Differentiating fact from fiction is particularly difficult when it comes to North Korea given the country’s profound isolation, which makes any story not sanctioned by its highly secretive regime almost impossible to verify. At the same time, international interest in what goes on in North Korea is enormous, especially when it comes to sensational stories that satisfy a widespread perception of the country as brutal, backward and bizarre.

These factors combine to create a cavernous media echo chamber that provides resonance and substance to rumor and speculation. Elements can then be cherry-picked and put together into a sensational news item, as happened with the rumors swirling around Kim’s purge and execution of his uncle and political mentor, Jang, last month.

The most spectacular version would read something like this: Kim Jong Un had his elderly uncle, who had an affair with Kim’s wife, fed naked to a pack of 120 starving dogs, thereby also inducing a heart attack in his aunt, who now lies in a vegetative coma.
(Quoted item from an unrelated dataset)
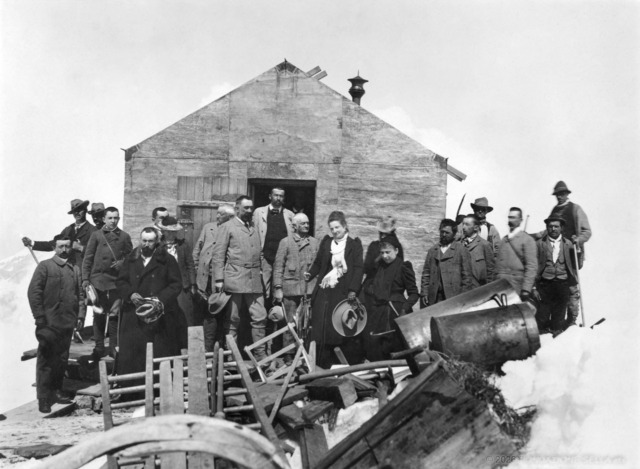 “Sulle orme di Margherita”: una mostra per il centenario della scomparsa della regina che amava la montagna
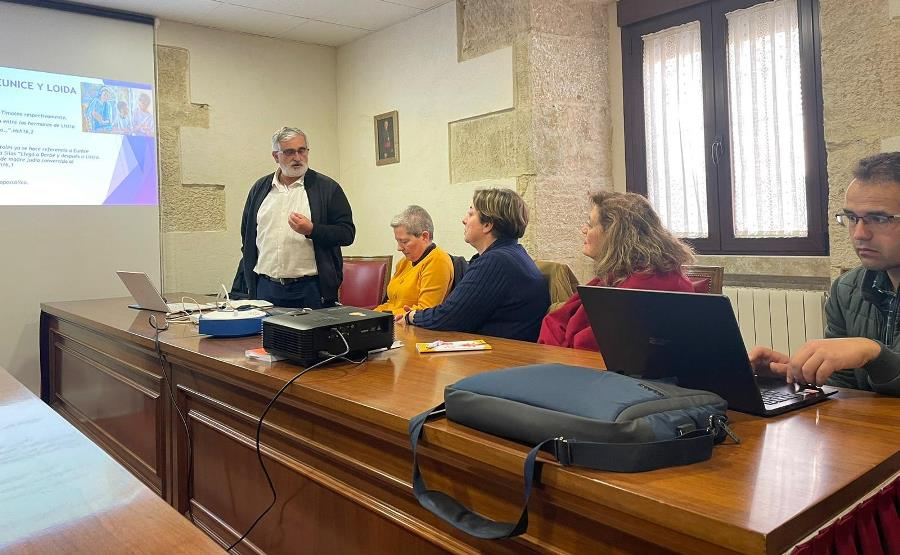 Prosigue la formación de los profesores de Religión en torno a la mujer en la Biblia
A number of these elements originated from the mainstream South Korean media and North Korean defector-run websites — both of which, analysts note, have a vested interest in painting the North and its leadership as a source of unimaginable horror.

Choi Jung Hoon, director of the Free North Korea radio station in Seoul, said the media frenzy surrounding Jang’s execution had proved particularly fertile ground.

“News from such a closed country like the North still remains limited . . . leaving unconfirmed speculation to fill the void,” Choi, who fled his homeland in 2007, said. “People are just imagining what they believe may go on in North Korea — a weird, wild place where apparently anything can happen.

“Sometimes the picture they draw is so ridiculous, so different from the country I lived (in) and know.”

But North Korea is complicit in fostering the atmosphere that generates such sensational headlines. Its relentless bolstering of the personality cult surrounding the ruling Kim dynasty, now in its third generation, and its apocalyptic, high-decibel threats of nuclear war are mostly meant for domestic consumption, but are nevertheless pounced on by the rest of the world as evidence of a country driven by paranoid delusion.

Kang Chan-ho, a senior journalist and North Korea specialist with Seoul’s liberal Hankyoreh daily, said many stories were concocted by the North’s critics.

“Some defectors tend to mix their own personal sense of grievance against Pyongyang with rumors that can never really be verified,” Kang said. “News media amplify these unverifiable stories to cater to their readers who like to read such wild stories about the North.”